Every time I think about what I’m about to do my tummy turns upside down, the sweat grows in the palms of my hands, and my heart races. “Don’t worry my friend tells me” “you’ll be fine”. That’s it! , I have finally made the decision to take my clothes off, GO NAKED!! OMG.
Remembering, I’m the woman that gets undressed with the lights off. I have a million questions going around in my head. What will people think of me?
My body? My scares? My stretch marks? A friendly voice beside me quietly says “your scares are your story, your life and your war wounds. Don’t worry what people think of you it’s none of your business. Take your time and do what makes you comfortable “.
The day has finally arrived, Sun shining high in the sky, walking slowly towards the cliff edge. Then all of a sudden I see naked people. I keep my head low, acting as normal as possible, “to be honest I had a little peak “. My friend utters those words that have occupied my thoughts for months. “Ready! We’re here”. “This is it! Off come the clothes, she laughs at my half-hearted attempt. Then I lay down, the Sun shining on my pale skin, parts of my body have never ever seen the Sun before.
I feel relief, clam and proud of me. I lay there for an hour rising at times to look around. My confidence builds, I stand up “NAKED”. I can’t believe this. The words in my mind keep repeating “OMG I’m so proud of you”. People walk by and say hi as though we were walking by on the street. They don’t look at my body, they look straight into my eyes, people come to chat to me and my friend and they are so friendly, no one focused on each other’s body.

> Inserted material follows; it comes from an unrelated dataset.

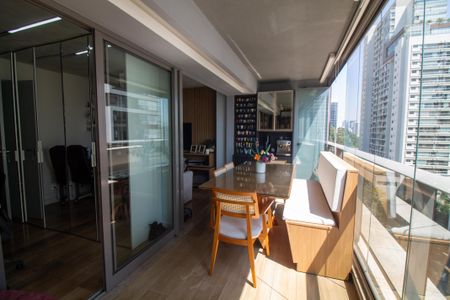 Apartamento para alugar com 65m², 2 quartos e 1 vaga Apartamento para alugar com 65m², 2 quartos e 1 vagaVaranda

Well I did, I seen a guy with a nice behind.
Throughout the day my confidence grew, so much so I decided to swim in the sea NAKED. I met another person swimming “male” we both stood there chatting about where we came from, we joked and laughed.

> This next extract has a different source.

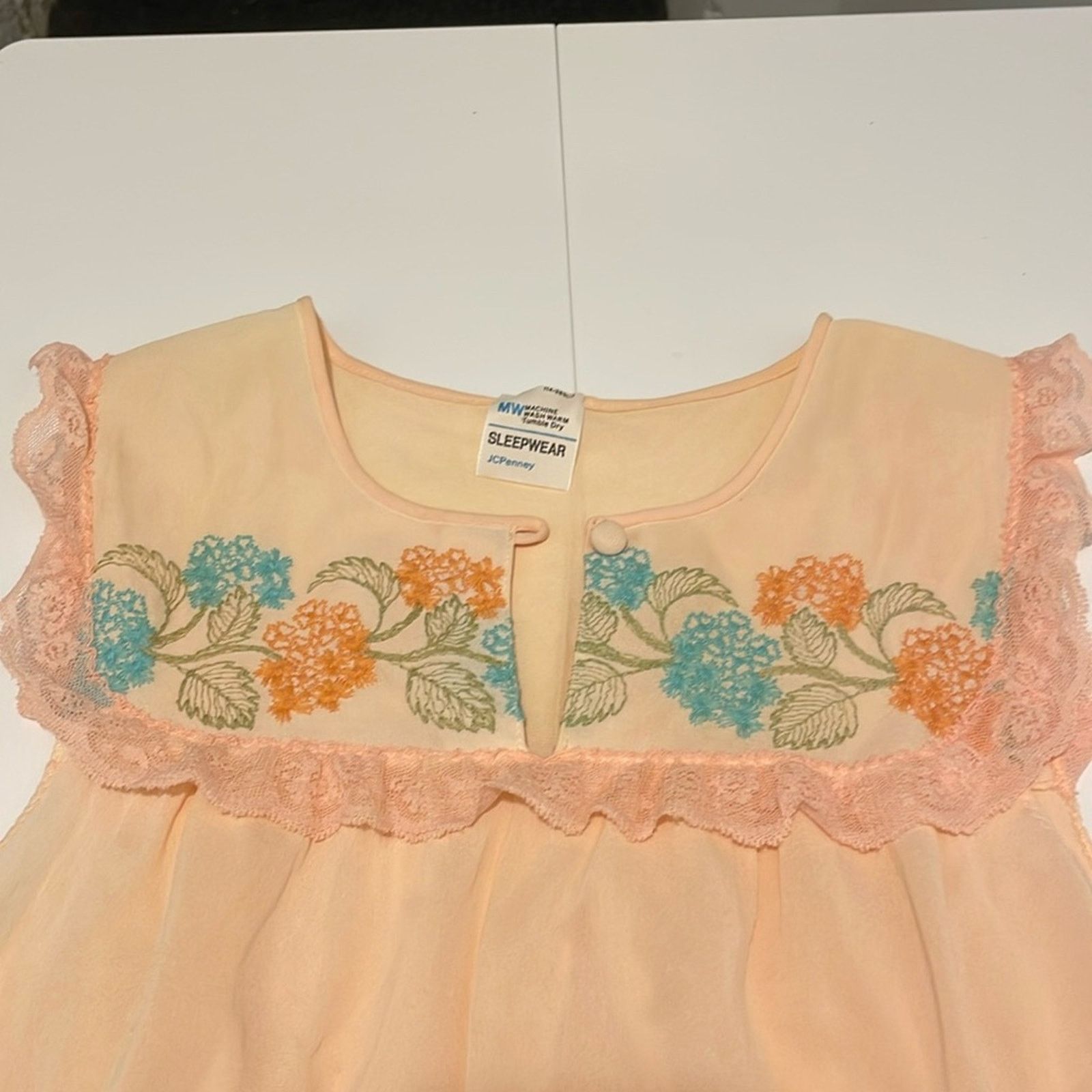 Vintage VNTG JCPenney Sleepwear Embroidered Florals Lace Nightgown Size ONE SIZE - 3 Thumbnail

This is the moment all my fears of being naked left me, I forgot I was naked.
I would have never believed if you told me a year ago that I would be swimming naked with a stranger, “not me”, sure I’m too fat, and my body is not fit to be seen.

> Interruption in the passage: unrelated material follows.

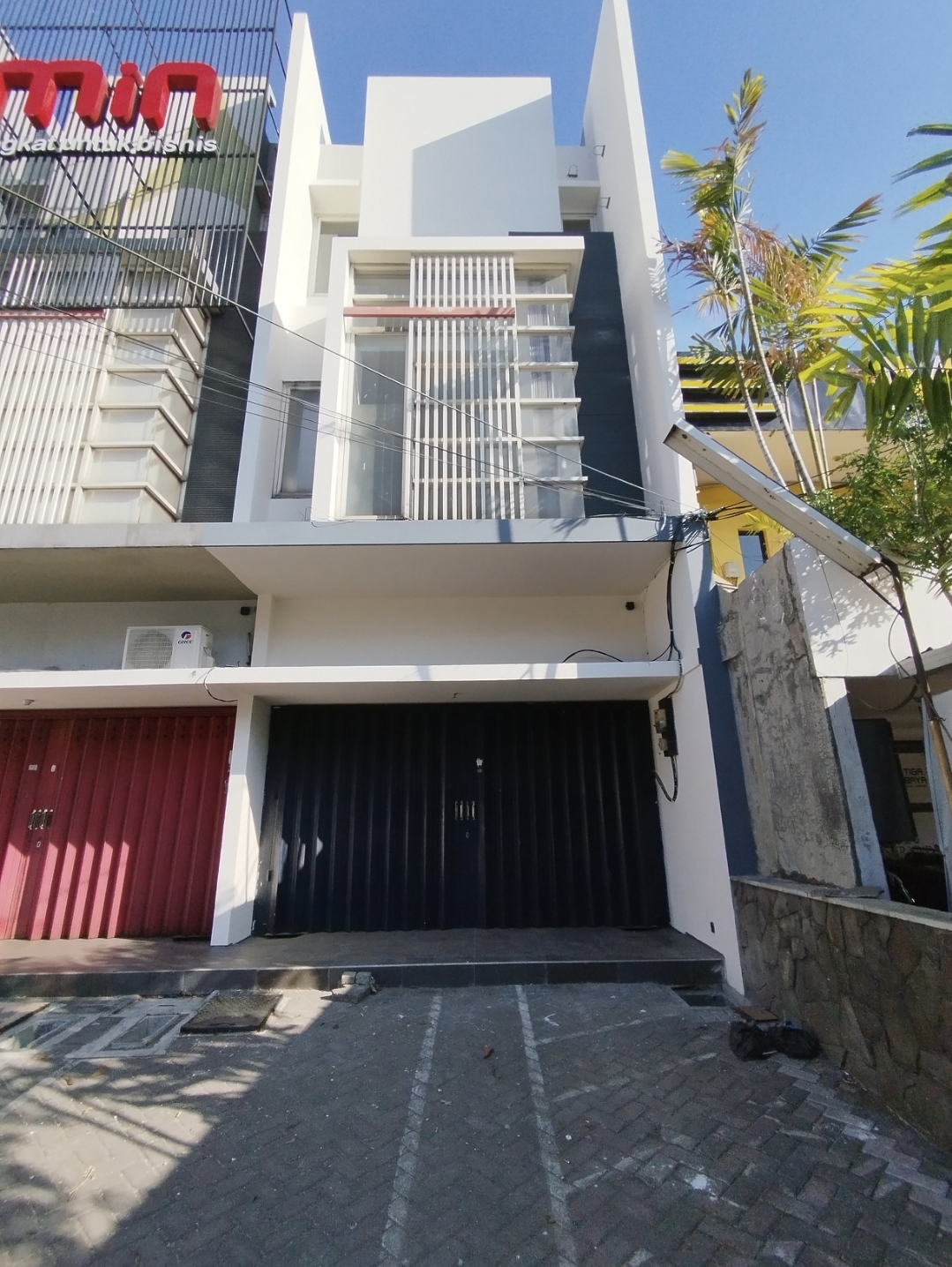 RUKO NOL JALAN RAYA JEMURSARI BAGUS TERAWAT SURABAYA TIMUR - Dealkan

Well those thoughts were no longer.
That day before we left, I stood at the edge of the cliff with my arms held high, my head to the Sun and eyes closed feeling a world of emotions. So grateful I faced my fear, I’m not the women I was before I walked on to this cliff. I have my confidence back; I’m grateful for my body my friends support.
I’m proud of me, and to write the words “proud to be a naturist”.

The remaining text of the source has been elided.